Posts Tagged ‘Peter Zumthor’

Glass panel wrapping

X2_The Kunsthaus Bregenz by Peter Zumthor

The façade of the building is a freestanding structure. It is somehow hung from above and is punctually attached to the concrete structure to assure stability for the lateral movement and the wind loads.

All the structure is made of two “types” of cables, first there are some bigger and longer ones that crisscross over the entire high of the building and are 6 panels wide, then every panel is perpendicularly surrounded by 2 sets of crisscrossing cables, all cables seem to work in tension. The glass panels are fixed to some brackets, two at the top and two at the bottom, those are visible from the outside, and sideways, the panels are over lapping each other.

The façade has 3 main layers, the exterior plan that is created by glass panels, then a void of 90cm, where we can see the crisscrossing cables that support the structure, and finally, an interior glass panel that seems to have different proportions then the outside ones, since they go from floor to sealing.

In relation to the Piraeus project, for me what is interesting, and what should be brought to my project is this simplicity created by regular glass panels.

However, I want to create movement on this façade, as well as the impression of tallness, we could almost call it an optical illusion. To do so, these horizontal rows of glass panels should be able to slightly shift sideways, so on the high of the hole building we could eventually have them rapping around as a spiral would do.

For the grasshopper code, I made two sample floors, with two different versions, first where we have glass panels overlapping, but didn’t manage to make the separate, and then another version, that works slightly better to show the shifting on every floor.

The Kunsthaus Bregenz by Peter Zumthor

This buiding by Zumthor is characterized by something we could call “double casing”. It’s a free standing concrete building covered by a self supporting façade completely independent from the actual building.

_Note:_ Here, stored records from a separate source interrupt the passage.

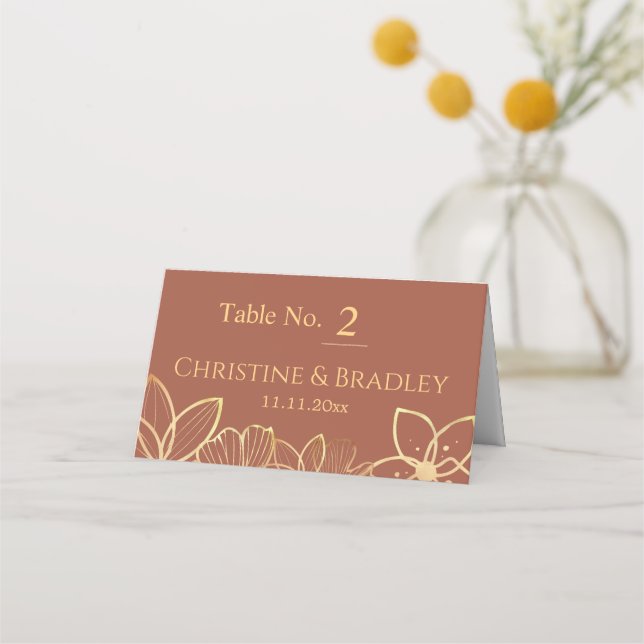 Cartão De Mesa Cobre e Dourado Casamento (Frente)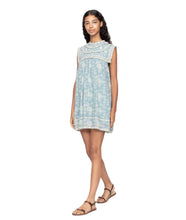 Kirsten Print Flared Mini Dress- Sky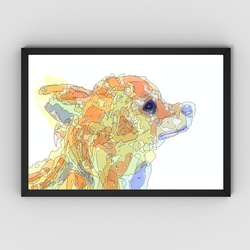 じっと待つチワワ】犬の抽象画｜ペンと水彩のアート｜動物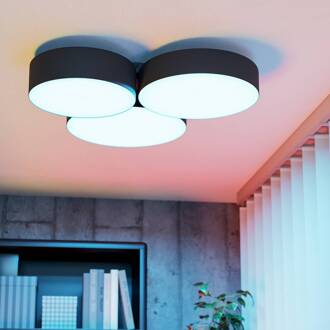 Smart LED plafondlamp Barbano-Z, zwart zwart, wit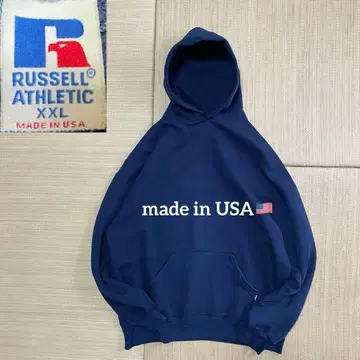 레어 90s USA제 러셀 애슬레틱 무지 후드티 네이비 XXL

The facades organization is based on one very strict rule that could be defined by regularity; the rhythm is clear and constant, both horizontally and vertically.

It’s a steel structure that creates a frame which supports both the outside glass  panels overlapping, as well as the inside glass work.

The thing that makes this extremely simple façade interesting is its transparency. In between the façade and the inside there is a 90 centimeters wide gap, it’s a light pit.  The transparency allows the inside concrete structure to be visible from the outside and this “gap” in between the façade and the structure, makes this structure more or less visible depending on the light.

As a parametric formation I first started by defining 4 point from which I created a surface. The high and width are adjustable.

Then I divided the surface by row and colones, their number is also adjustable.

Besides, I waned to create a grid with horizontal and vertical lines that would illustrate the very simple pattern organizing the façade, however I did not success in doing so, since I didn’t manage to create the horizontal links.